The BAM file was generated with SMRTlink tools and the UMI information is in XM tag which I have specified as MOLECULAR_BARCODE_TAG but it seems to be an issue. Even when I used it by renaming to UB, it doesnt work. Can someone please help me with this?

Thanks, Prakrithi

alecw commented 10 months ago

Hi Prakrithi,

Can you create a new issue to report this problem?

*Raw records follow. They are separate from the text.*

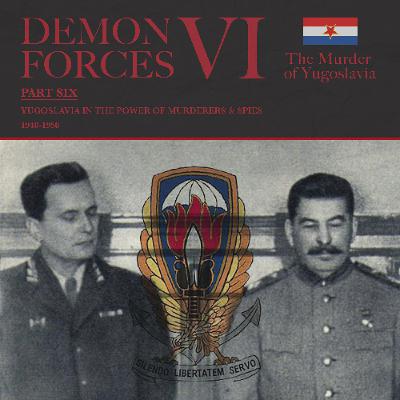 *PREVIEW* [#249] DEMON FORCES VI, Part 6: Yugoslavia in the Power of Murderers and Spies
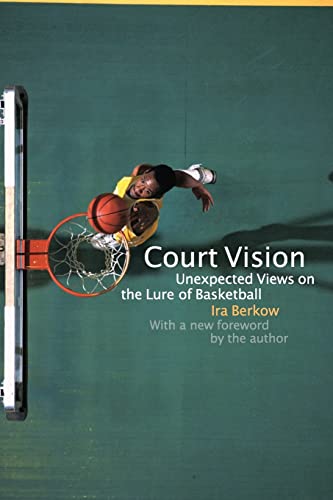 Stock image for Court Vision: Unexpected Views on the Lure of Basketball for sale by ThriftBooks-Dallas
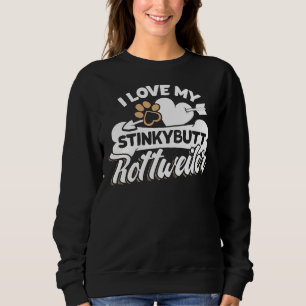 Sudadera Rottweiler I Love My Stinkybutt Dog 12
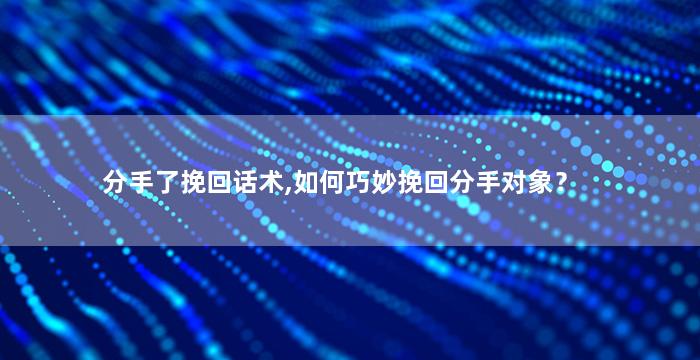 分手了挽回话术,如何巧妙挽回分手对象？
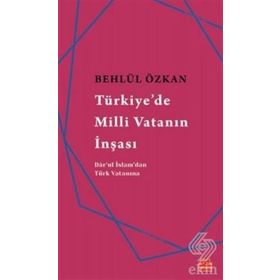 Türkiye’de Milli Vatanın İnşası - Behlül Özkan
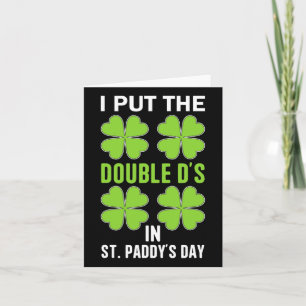 I Put The Double D's In St. Paddys Day Irish Funny Card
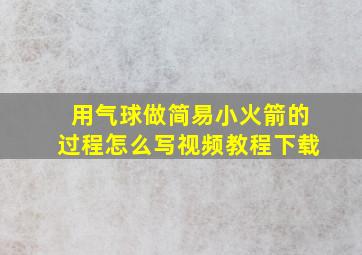 用气球做简易小火箭的过程怎么写视频教程下载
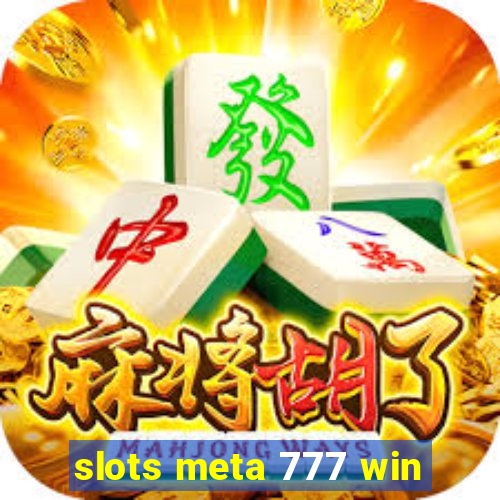 slots meta 777 win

In that issue, in addition to all the other things requested when creating an issue, please include the following:

Regards, Alec

jamesnemesh commented 10 months ago

I would also re-check that the BAM tag arguments you're using are correct.
-CELL_BARCODE_TAG CB -MOLECULAR_BARCODE_TAG XM -GENE_NAME_TAG GN -GENE_STRAND_TAG GS

The cellbarcode tag is the CellRanger standard, the molecular tag is the DropSeq standard, the gene name and gene strand don't match the TagReadWithGeneFunction standards, so either you decided to override the default arguments for some reason or you have the wrong arguments there. I would look at your input bam and see what tags you actually use, and as @alecw said post that here. You could add some additional filtering to your samtools view to specifically look for reads with GS: GN: CB: and XM:. If you can't find any reads that contain all of those tags, it's no surprise that the program couldn't either.